I cry a lot. I cry when I'm happy. I cry when I'm sad. I cry when I'm scared. I cry when I'm confused. I cry when I'm frustrated. I cry when I'm excited. It's just who I am.
Take today for example. I watched Oprah's last show. I have probably watched 20 total Oprah shows ever. But, today I watched the end. And I cried. A lot. You looked at me like I was crazy and you gave me a kiss. I explained to you that I wasn't sad - it was just emotional for her, so it became emotional for me.
Yesterday I cried after I talked to the realtor. Our house isn't selling when I want it to. Daddy and I have faith that God will help it sell in his time, but I'm worried about our next step. I cried and cried.

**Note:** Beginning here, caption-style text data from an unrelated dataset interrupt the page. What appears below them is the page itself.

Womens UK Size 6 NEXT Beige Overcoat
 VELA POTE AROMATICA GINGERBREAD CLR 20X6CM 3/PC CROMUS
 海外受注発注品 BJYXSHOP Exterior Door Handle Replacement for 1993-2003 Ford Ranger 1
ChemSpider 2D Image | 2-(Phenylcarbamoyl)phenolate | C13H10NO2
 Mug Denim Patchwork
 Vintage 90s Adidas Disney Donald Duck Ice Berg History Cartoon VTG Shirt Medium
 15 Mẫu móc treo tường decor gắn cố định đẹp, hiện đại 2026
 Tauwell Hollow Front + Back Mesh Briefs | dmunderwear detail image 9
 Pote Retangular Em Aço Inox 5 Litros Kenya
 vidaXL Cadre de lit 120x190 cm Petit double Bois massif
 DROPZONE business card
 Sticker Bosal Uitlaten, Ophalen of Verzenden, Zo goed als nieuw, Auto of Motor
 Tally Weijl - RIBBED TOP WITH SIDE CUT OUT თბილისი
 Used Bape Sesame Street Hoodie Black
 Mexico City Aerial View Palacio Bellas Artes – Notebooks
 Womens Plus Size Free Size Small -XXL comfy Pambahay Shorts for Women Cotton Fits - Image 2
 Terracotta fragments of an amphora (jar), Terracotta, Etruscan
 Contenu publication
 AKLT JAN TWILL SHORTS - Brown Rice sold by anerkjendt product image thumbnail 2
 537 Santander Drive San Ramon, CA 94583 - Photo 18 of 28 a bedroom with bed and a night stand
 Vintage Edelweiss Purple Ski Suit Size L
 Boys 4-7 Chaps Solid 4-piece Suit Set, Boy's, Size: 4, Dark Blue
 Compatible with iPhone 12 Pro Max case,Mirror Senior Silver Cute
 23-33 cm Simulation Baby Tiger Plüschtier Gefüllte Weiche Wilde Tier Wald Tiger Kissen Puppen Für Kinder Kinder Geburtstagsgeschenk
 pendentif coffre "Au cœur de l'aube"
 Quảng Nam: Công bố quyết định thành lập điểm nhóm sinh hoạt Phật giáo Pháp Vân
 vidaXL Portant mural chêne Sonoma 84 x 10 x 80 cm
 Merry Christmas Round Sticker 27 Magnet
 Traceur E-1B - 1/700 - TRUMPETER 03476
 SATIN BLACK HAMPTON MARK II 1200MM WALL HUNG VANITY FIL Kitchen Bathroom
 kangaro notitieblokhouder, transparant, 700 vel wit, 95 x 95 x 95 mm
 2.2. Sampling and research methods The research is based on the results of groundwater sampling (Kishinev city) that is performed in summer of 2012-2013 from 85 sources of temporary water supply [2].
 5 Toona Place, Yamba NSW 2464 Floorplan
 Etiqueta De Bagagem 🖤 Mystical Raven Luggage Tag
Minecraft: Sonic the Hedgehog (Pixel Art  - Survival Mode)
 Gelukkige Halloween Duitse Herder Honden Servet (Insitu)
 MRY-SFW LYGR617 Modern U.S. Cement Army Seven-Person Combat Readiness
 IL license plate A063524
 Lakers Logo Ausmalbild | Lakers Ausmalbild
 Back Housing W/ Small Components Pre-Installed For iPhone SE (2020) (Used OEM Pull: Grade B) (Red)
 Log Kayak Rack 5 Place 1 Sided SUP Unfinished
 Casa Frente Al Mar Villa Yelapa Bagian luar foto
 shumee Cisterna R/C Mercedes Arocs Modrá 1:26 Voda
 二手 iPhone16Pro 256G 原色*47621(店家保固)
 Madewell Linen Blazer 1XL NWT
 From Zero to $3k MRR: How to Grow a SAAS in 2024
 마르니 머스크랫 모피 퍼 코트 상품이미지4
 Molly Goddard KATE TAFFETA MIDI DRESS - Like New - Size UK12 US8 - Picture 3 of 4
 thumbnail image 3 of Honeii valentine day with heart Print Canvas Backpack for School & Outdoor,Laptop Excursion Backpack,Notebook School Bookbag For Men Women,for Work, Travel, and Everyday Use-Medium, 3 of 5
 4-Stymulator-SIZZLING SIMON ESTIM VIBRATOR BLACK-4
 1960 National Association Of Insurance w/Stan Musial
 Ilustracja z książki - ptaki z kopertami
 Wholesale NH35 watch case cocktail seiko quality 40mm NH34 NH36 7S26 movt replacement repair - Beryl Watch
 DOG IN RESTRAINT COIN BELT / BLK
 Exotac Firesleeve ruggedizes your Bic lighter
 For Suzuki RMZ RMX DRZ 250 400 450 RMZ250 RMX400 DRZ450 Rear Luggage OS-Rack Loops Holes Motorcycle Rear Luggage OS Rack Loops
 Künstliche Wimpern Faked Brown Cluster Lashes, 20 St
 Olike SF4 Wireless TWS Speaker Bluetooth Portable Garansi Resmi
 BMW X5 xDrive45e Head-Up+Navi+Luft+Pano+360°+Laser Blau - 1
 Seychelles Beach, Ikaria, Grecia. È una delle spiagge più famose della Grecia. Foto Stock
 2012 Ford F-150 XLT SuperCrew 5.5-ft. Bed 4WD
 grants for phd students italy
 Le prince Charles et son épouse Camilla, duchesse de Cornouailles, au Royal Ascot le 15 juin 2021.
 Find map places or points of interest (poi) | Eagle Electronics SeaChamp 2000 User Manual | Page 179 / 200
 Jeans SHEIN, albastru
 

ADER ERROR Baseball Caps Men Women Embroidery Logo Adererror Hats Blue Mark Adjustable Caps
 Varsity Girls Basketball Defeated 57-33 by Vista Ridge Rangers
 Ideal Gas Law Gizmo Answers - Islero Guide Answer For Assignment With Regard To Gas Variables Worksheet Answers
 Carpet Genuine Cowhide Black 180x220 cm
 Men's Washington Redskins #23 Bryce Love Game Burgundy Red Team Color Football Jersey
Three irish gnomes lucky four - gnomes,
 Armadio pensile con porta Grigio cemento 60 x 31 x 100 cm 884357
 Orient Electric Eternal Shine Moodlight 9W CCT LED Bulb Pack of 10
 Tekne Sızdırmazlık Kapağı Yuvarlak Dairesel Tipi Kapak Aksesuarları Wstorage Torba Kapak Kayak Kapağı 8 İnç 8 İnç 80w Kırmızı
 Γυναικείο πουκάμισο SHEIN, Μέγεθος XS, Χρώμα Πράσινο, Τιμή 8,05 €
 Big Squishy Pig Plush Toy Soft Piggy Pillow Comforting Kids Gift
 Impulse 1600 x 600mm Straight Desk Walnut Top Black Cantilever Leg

About two weeks ago I sat down in the front of my classroom and cried (with students in there!). They wouldn't listen to me and I wanted them to learn so badly. So, I cried because they hurt my feelings and made me frustrated at the same time.
So, you see, sometimes I wish I didn't cry so easily. I cry at commercials, I cry at books, I cry EVERY YEAR when Charlotte dies in Charlotte's Web. I cry anytime I watch A Baby Story on TV. I cried while April was in labor with Tinley. It's embarassing at times and I sometimes try to hide it.
All this to say - I hope you cry like me. Even though it's awkward (I'm NOT a pretty crier!) and sometimes embarassing, I feel like it's how I live life. I'm passionate about things. I care deeply about issues, and people, and causes. I cry because I feel things strongly. I hope you do, too. And just know my shoulder is always here for you to cry on - and I'll probably cry right along with you.